▶ _Extracted entries_:

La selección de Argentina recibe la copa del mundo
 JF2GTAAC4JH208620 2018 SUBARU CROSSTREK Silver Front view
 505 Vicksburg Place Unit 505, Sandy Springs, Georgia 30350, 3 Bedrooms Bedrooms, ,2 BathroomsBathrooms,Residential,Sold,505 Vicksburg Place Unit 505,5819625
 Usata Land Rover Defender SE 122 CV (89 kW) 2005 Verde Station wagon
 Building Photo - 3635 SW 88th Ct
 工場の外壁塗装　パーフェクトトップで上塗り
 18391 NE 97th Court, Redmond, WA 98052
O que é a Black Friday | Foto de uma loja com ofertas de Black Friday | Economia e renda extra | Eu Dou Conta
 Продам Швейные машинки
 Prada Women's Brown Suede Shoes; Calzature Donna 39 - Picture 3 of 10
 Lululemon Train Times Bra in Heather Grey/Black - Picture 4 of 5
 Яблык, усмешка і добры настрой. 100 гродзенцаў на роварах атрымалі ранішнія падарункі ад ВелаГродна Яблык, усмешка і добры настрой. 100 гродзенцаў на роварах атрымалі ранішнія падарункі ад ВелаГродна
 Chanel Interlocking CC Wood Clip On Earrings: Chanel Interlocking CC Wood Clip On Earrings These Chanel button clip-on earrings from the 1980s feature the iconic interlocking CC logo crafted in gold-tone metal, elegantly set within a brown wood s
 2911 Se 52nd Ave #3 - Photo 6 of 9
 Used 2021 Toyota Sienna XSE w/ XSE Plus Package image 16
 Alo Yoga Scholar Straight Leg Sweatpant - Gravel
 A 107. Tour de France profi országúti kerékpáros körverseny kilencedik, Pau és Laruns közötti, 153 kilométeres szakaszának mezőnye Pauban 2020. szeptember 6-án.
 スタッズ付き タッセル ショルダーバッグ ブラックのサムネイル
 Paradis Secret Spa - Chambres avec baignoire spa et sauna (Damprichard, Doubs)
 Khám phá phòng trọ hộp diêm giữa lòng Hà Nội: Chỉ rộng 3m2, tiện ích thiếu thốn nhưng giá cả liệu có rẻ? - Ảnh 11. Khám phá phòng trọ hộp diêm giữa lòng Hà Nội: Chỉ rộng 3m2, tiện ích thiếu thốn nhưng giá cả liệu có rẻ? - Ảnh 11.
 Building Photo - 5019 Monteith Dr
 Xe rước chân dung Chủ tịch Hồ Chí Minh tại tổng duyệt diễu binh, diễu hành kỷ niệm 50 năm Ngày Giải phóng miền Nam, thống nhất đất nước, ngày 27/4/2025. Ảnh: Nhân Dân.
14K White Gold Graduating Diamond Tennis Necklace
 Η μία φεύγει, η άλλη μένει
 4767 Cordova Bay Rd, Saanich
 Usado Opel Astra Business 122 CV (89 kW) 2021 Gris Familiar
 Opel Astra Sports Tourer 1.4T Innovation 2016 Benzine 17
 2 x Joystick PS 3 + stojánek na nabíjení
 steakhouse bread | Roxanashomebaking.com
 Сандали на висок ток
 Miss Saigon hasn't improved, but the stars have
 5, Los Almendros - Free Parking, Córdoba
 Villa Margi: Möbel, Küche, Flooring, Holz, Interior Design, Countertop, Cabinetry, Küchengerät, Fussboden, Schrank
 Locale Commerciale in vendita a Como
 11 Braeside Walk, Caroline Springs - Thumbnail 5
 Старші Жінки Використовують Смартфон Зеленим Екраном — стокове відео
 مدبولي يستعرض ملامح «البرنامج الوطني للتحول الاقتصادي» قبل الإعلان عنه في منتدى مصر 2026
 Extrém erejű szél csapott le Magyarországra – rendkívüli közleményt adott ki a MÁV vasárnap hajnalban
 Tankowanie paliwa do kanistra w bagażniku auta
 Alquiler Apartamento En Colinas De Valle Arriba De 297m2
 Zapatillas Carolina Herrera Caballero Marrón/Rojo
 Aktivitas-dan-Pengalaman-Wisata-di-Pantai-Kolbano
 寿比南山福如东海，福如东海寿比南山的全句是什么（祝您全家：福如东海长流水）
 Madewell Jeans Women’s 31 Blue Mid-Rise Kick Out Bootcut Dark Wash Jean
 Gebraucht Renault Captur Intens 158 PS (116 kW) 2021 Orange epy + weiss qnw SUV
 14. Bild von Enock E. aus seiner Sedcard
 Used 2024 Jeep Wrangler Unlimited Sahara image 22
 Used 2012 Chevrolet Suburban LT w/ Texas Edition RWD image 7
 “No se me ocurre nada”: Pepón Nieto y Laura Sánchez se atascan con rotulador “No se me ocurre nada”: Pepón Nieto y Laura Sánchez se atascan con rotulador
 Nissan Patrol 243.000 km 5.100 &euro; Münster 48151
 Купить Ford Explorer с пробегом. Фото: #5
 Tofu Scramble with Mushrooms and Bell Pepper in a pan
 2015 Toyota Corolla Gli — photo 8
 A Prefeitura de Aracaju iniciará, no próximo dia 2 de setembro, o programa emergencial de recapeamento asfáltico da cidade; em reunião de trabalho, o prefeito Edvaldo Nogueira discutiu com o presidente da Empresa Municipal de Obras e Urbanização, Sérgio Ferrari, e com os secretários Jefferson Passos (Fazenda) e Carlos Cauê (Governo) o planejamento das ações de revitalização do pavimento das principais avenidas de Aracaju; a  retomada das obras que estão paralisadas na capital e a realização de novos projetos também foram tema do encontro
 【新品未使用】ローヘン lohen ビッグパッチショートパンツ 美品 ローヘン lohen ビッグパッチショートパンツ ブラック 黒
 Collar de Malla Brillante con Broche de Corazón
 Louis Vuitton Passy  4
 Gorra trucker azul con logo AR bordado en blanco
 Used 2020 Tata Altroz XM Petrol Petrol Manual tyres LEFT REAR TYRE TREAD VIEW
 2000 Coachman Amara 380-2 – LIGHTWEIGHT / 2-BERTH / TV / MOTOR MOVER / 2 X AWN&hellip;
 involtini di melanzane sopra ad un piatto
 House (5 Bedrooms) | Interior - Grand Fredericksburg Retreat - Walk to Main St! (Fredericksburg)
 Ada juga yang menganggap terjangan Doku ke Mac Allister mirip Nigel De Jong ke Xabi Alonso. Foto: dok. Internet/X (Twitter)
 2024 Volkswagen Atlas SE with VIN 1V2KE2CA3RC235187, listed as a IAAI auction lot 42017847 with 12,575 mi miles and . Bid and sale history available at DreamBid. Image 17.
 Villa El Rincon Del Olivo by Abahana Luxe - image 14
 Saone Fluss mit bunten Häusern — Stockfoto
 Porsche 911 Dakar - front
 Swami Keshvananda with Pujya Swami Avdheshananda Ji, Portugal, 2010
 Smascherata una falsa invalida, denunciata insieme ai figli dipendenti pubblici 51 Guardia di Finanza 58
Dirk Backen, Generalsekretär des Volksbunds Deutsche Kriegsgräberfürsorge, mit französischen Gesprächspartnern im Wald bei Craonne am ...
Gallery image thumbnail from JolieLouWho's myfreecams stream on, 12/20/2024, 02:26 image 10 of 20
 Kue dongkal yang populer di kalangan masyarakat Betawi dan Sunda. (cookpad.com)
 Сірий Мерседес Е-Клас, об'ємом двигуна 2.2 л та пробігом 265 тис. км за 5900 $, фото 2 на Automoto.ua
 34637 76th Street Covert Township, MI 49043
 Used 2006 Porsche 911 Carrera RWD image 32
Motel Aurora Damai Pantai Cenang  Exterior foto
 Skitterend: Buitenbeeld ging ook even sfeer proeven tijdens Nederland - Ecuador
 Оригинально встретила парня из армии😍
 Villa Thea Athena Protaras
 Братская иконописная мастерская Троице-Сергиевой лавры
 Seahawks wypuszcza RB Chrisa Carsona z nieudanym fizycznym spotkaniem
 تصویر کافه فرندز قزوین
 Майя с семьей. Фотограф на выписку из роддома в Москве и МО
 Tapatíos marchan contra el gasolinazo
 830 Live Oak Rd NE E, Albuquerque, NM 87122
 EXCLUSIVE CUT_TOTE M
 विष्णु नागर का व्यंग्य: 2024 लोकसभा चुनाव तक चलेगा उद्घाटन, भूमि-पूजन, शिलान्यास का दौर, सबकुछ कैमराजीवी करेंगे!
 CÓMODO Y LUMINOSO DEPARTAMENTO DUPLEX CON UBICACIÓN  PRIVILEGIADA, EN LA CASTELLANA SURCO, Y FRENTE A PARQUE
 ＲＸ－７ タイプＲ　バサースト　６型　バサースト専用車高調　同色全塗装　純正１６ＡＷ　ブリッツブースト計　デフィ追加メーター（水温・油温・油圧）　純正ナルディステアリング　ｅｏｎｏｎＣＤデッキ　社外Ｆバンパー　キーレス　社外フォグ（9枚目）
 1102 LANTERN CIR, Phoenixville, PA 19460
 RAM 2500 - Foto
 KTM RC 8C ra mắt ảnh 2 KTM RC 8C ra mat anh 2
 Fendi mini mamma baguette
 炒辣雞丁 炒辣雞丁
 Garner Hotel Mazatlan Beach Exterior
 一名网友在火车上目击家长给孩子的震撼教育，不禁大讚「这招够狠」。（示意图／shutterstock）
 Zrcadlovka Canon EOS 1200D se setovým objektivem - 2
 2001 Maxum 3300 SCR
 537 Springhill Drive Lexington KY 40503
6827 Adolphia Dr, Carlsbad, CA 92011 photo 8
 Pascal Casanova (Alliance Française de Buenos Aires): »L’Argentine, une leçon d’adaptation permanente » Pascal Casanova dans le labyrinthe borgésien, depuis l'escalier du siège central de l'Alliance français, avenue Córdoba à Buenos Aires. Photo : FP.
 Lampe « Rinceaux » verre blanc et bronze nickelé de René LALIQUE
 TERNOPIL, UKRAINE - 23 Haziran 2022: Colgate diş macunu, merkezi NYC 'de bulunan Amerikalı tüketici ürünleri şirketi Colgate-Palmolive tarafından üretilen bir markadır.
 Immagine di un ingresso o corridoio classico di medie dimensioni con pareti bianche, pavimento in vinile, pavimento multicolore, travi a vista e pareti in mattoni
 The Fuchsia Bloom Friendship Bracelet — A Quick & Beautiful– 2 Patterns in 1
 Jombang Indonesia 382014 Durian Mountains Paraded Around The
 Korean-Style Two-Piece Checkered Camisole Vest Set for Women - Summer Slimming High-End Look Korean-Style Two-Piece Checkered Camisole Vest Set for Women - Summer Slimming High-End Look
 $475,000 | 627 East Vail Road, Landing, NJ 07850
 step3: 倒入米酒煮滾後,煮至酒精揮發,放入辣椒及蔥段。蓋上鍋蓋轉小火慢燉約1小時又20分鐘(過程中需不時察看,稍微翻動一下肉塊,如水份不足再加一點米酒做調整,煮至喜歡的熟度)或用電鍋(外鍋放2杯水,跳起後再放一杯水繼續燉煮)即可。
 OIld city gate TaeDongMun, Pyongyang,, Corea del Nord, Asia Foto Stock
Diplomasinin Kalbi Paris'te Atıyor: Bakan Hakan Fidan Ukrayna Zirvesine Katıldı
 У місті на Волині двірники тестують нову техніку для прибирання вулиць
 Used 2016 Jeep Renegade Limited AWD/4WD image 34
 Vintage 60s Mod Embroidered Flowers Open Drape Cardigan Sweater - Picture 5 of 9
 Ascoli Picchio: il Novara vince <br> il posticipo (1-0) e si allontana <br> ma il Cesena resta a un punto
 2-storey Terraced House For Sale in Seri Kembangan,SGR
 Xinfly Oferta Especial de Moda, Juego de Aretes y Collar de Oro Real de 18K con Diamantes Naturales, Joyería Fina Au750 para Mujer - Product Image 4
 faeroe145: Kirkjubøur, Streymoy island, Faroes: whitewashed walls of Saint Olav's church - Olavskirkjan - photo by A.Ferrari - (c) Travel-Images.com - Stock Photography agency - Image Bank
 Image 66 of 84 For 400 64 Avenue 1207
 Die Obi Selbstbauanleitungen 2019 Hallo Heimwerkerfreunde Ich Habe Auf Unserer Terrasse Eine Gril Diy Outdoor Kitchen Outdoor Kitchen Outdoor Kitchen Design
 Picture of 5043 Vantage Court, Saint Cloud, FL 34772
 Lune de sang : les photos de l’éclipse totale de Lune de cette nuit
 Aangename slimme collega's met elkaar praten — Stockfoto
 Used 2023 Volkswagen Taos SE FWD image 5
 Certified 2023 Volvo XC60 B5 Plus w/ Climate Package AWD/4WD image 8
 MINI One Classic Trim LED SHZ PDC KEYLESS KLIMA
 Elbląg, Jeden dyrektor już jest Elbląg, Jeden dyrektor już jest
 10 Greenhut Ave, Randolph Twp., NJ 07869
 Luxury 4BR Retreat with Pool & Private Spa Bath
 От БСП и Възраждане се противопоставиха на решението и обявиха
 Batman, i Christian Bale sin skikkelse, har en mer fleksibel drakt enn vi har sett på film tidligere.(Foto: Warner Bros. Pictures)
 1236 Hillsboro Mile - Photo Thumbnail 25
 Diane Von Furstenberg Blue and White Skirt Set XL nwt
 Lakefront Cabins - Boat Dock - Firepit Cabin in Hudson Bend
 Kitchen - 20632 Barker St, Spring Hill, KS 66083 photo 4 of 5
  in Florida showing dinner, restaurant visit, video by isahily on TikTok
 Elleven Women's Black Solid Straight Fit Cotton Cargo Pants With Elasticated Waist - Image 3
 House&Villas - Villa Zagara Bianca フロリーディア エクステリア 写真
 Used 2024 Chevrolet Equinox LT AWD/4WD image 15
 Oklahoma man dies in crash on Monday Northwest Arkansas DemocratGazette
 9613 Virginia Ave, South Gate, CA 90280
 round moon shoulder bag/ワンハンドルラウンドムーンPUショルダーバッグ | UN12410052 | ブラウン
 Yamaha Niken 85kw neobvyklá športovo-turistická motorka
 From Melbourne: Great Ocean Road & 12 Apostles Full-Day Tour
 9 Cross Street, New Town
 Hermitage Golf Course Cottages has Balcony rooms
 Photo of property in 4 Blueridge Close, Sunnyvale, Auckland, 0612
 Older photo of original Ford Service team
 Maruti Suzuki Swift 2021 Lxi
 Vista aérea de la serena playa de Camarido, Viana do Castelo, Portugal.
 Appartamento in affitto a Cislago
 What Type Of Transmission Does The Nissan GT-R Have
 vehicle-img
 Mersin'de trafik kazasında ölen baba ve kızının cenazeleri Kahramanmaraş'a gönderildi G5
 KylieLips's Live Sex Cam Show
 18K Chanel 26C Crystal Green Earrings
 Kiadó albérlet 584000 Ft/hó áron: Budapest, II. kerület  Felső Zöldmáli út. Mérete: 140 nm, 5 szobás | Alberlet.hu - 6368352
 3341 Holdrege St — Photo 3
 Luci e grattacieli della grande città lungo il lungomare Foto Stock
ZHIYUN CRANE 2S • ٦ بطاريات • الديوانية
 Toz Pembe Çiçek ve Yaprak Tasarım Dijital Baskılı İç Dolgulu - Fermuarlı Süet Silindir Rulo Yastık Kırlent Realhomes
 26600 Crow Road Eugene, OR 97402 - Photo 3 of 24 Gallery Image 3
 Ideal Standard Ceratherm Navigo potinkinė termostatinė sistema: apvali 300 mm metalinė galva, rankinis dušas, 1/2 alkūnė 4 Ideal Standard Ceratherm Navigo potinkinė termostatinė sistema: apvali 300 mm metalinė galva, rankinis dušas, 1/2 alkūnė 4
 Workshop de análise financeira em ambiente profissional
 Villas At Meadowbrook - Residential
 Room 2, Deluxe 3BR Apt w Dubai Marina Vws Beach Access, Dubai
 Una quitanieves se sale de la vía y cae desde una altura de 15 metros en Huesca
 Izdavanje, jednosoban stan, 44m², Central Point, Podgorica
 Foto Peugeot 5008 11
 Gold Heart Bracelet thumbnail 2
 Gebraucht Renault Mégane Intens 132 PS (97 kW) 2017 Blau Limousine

▶ _Task prompt_:
Look through the listing above. Pick out each line with "Jeep" and copy it.

▶ _Answer to this problem_:
 Used 2024 Jeep Wrangler Unlimited Sahara image 22
 Used 2016 Jeep Renegade Limited AWD/4WD image 34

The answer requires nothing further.